Tra una telefonata e l’altra
Fra una piccola chiacchiera e l’altra inizia l’intervista. Cala il silenzio nel salotto dove eravamo, tutti attenti a seguire le parole di un uomo dalla vita così intensa che noi non possiamo che raccogliere solo delle piccole briciole dei suoi insegnamenti. Ma… il telefono del maestro squilla più e più volte, lui si scusa e ci dice che è costretto a rispondere: un’emergenza sanitaria, una persona che non sta bene. La vicenda non lo tocca in prima persona, ma questo non gli impedisce di prodigarsi per aiutare il diretto interessato con un giro di telefonate. Fra uno squillo e un altro, il maestro ci chiede più volte perdono per quella che per noi potrebbe essere una “perdita di tempo” ma che per lui è veramente importante. A imprevisto risolto, spegne il cellulare e lo lascia sul divano: «Ora basta, sono tutto vostro. Prego». I minuti dell’intervista sono intensi: si toccano tanti temi, dalla guerra in Ucraina, alla musica, fino alla salute e la prevenzione di malattie.
La sorpresa Bennato
Questo racconto potrebbe terminare così, Mogol in soli venti minuti di intervista ha già potuto lasciarci uno splendido patrimonio di nozioni e idee su cui riflettere. E invece è il dietro le quinte quello a lasciarci senza parole. Il maestro, lontano ormai dall’incombenza dell’intervista, si lascia andare. Socializza con noi, ci racconta della sua famiglia: ci mostra le foto dei figli, dei nipoti, della moglie. Sono attimi bellissimi e commoventi: quell’uomo che ha fatto la storia della musica italiana, quella montagna gigante e insuperabile, alla fine è solo un marito, un nonno, un padre. Ci mostra poi un quadro: un disegno di una piramide in cui sono disegnati minuziosamente gli schieramenti militari dall’alba dei tempi, con gli opliti greci, fino ad oggi, fra carri armati e missili nucleari. «Lo sapete chi me lo ha regalato? Edoardo. Bennato, intendo. È un artista eccezionale, a tutto tondo. Mi ha portato questo quadro la scorsa estate quando ha suonato qui per un concerto bellissimo», ci ha rivelato il maestro. E noi, ignari di questo talento magistrale che ha Bennato per la pittura, siamo rimasti stupiti.
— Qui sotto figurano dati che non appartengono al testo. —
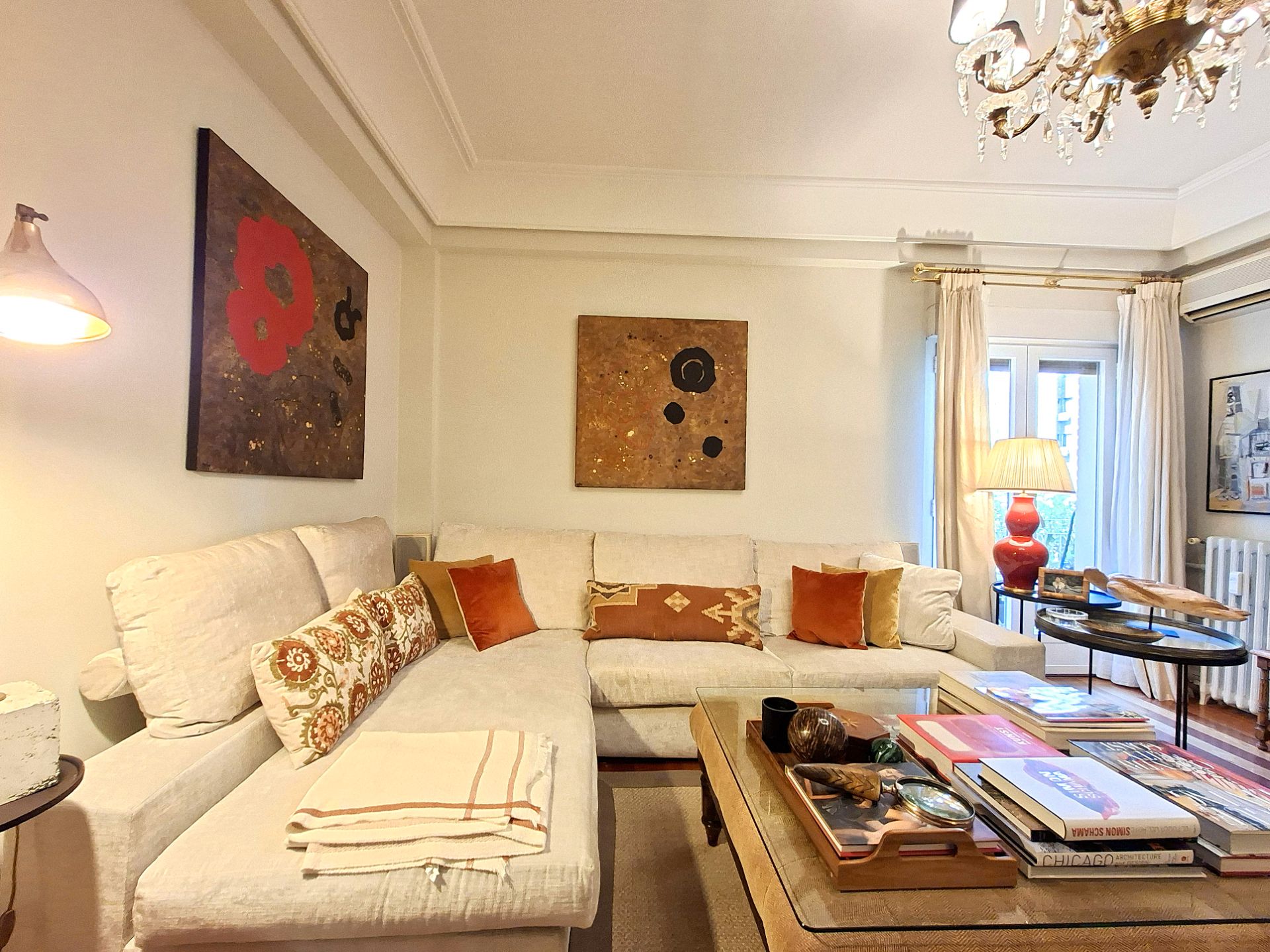 Sala de estar de Piso en venta en  Madrid Capital con Aire acondicionado, Calefacción y Terraza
Ma cosa pensa Mogol della scena musicale italiana? Non dice molto, sa che le sue parole hanno un peso non indifferente. L’unica battuta che fa è: “Io non guardo Sanremo”, e ci fa un pò sorridere che la più grande manifestazione canora italiana non abbia fra i milioni di telespettatori che raccoglie ogni anno il più prolifico autore di canzoni di sempre.
Il momento più intimo arriva però in modo inaspettato: ci racconta dei suoi incontri con Papa Francesco, del rapporto di stima che li lega in modo reciproco. Due grandi pezzi della storia contemporanea che si incontrano a tu per tu, parlando di Chiesa, di spiritualità e dei problemi che affliggono il mondo.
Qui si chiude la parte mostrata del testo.